Robust inflammatory breast cancer gene signature using nonparametric random forest analysis

Alaa Zare 1, Lynne-Marie Postovit 2, John Maringa Githaka 3,
PMCID: PMC8477487  PMID: 34579745

Abstract

Inflammatory breast cancer (IBC) is a rare, aggressive cancer found in all the molecular breast cancer subtypes. Despite extensive previous efforts to screen for transcriptional differences between IBC and non-IBC patients, a robust IBC-specific molecular signature has been elusive. We report a novel IBC-specific gene signature (59 genes; G59) that achieves 100% accuracy in discovery and validation samples (45/45 correct classification) and remarkably only misclassified one sample (60/61 correct classification) in an independent dataset. G59 is independent of ER/HER2 status, molecular subtypes and is specific to untreated IBC samples, with most of the genes being enriched for plasma membrane cellular component proteins, interleukin (IL), and chemokine signaling pathways. Our finding suggests the existence of an IBC-specific molecular signature, paving the way for the identification and validation of targetable genomic drivers of IBC.

Supplementary Information

The online version contains supplementary material available at 10.1186/s13058-021-01467-y.
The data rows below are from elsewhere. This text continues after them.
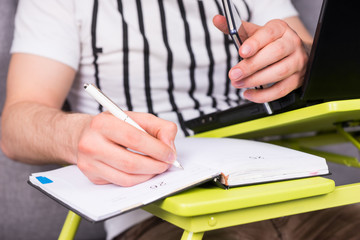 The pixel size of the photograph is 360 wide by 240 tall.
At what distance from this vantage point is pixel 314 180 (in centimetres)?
48

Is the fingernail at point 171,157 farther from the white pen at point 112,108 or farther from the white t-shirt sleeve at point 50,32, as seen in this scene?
the white t-shirt sleeve at point 50,32

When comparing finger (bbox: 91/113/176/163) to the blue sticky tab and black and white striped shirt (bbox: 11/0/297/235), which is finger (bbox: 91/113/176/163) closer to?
the blue sticky tab

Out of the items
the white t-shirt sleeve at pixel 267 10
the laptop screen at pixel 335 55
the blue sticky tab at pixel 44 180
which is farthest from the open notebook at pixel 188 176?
the white t-shirt sleeve at pixel 267 10

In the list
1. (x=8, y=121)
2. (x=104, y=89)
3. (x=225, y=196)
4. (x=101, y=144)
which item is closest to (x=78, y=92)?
(x=104, y=89)

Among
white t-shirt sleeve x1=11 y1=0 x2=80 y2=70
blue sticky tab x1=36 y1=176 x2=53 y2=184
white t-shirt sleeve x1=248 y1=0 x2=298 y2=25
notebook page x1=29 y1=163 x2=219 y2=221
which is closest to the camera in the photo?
notebook page x1=29 y1=163 x2=219 y2=221

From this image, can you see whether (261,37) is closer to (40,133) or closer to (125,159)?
(125,159)

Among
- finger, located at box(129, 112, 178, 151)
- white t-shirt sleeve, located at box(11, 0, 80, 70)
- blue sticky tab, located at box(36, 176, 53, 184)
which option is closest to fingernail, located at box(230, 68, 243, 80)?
finger, located at box(129, 112, 178, 151)

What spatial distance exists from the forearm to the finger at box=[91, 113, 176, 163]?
121mm

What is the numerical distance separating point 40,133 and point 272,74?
0.40 metres

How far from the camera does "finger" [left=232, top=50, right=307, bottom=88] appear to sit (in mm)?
576

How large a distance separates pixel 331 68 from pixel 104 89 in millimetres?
511

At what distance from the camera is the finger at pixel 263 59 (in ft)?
1.79

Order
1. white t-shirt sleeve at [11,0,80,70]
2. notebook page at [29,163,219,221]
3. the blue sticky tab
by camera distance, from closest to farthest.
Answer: notebook page at [29,163,219,221], the blue sticky tab, white t-shirt sleeve at [11,0,80,70]

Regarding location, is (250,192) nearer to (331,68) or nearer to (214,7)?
(331,68) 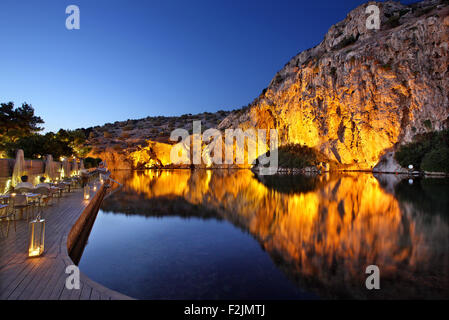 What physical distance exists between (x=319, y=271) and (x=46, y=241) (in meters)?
4.77

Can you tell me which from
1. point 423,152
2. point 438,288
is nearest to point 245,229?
point 438,288

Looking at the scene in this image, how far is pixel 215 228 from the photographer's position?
289 inches

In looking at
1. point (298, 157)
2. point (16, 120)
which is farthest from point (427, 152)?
point (16, 120)

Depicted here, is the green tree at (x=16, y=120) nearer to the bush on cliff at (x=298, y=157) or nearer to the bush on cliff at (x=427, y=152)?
the bush on cliff at (x=298, y=157)

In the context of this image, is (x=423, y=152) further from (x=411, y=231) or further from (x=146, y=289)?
(x=146, y=289)

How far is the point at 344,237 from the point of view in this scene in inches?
230

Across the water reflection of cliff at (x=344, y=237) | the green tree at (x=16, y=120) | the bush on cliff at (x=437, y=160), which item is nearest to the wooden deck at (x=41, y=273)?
the water reflection of cliff at (x=344, y=237)

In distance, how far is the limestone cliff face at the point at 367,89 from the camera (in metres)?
24.6

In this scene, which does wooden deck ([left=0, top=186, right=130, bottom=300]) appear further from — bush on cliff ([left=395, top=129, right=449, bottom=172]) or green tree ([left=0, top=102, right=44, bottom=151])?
bush on cliff ([left=395, top=129, right=449, bottom=172])

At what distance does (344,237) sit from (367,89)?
28723mm

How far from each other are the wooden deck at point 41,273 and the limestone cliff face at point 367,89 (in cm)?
3155

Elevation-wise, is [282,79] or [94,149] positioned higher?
[282,79]

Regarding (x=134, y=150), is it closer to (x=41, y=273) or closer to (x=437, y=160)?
(x=437, y=160)

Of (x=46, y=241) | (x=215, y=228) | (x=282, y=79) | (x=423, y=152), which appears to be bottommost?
(x=215, y=228) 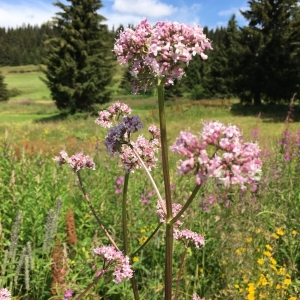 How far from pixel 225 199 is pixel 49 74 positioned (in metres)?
31.5

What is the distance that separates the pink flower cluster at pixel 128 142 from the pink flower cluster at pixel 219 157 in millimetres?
644

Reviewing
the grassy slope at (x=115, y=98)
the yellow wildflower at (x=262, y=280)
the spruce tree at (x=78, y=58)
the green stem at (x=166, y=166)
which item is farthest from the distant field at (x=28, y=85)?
the green stem at (x=166, y=166)

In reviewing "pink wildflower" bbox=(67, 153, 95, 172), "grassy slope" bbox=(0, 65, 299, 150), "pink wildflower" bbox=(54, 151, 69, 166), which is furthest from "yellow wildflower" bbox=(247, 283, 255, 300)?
"pink wildflower" bbox=(54, 151, 69, 166)

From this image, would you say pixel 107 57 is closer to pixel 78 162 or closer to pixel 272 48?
pixel 272 48

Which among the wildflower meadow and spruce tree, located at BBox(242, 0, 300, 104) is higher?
spruce tree, located at BBox(242, 0, 300, 104)

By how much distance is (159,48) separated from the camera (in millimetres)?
1667

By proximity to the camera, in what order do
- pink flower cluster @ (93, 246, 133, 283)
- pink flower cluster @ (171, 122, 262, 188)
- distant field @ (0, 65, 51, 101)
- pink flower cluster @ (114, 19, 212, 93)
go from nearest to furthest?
pink flower cluster @ (171, 122, 262, 188) < pink flower cluster @ (114, 19, 212, 93) < pink flower cluster @ (93, 246, 133, 283) < distant field @ (0, 65, 51, 101)

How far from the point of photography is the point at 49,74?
33.8m

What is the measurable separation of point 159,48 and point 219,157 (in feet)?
2.06

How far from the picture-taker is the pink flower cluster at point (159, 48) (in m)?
1.69

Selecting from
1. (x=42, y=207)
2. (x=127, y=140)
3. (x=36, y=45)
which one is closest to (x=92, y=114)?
(x=42, y=207)

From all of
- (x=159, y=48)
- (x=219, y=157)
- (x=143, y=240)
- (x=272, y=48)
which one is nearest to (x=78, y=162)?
(x=159, y=48)

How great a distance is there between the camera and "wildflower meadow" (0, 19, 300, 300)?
5.55 feet

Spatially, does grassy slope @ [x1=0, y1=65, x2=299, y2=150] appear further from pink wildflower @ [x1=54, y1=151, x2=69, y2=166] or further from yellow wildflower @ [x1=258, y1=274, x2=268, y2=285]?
yellow wildflower @ [x1=258, y1=274, x2=268, y2=285] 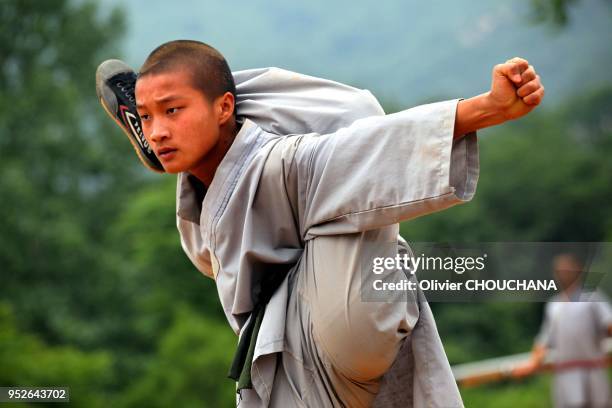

Keywords: Breast cancer, IBC, IBC signature, Machine learning, Random forest

Introduction

IBC is a rare form of breast cancer associated with poor prognosis compared to other subtypes, and this is attributed to its therapy resistance and a high metastatic potential [13]. Moreover, the majority of IBC patients present with late-stage disease wherein the cancer has spread beyond the primary site [4]. To better diagnose and treat IBC patients, the IBC research community is working on defining an IBC-specific molecular signature. The largest study was published through the establishment of the World IBC Consortium which identified 79 genes, molecular subtype-independent, IBC signature [5]. Shortly after, another 132 genes, subtype-independent, IBC signature was reported [6]. However, both signatures were seen in ~ 16.4% and ~ 25% of breast cancer TCGA samples of primarily non-IBC patients, respectively, signifying low specificity in discriminating IBC from non-IBC samples [5, 79]. Nevertheless, thus far a robust tumor cell-intrinsic signature that can define IBC from non-IBC or can stratify IBC patients has remained elusive [8, 9]. Indeed, a recent comparison of existing IBC signatures found minimal or no overlap among the proposed genes and none of the signatures could be validated in an independent dataset [9].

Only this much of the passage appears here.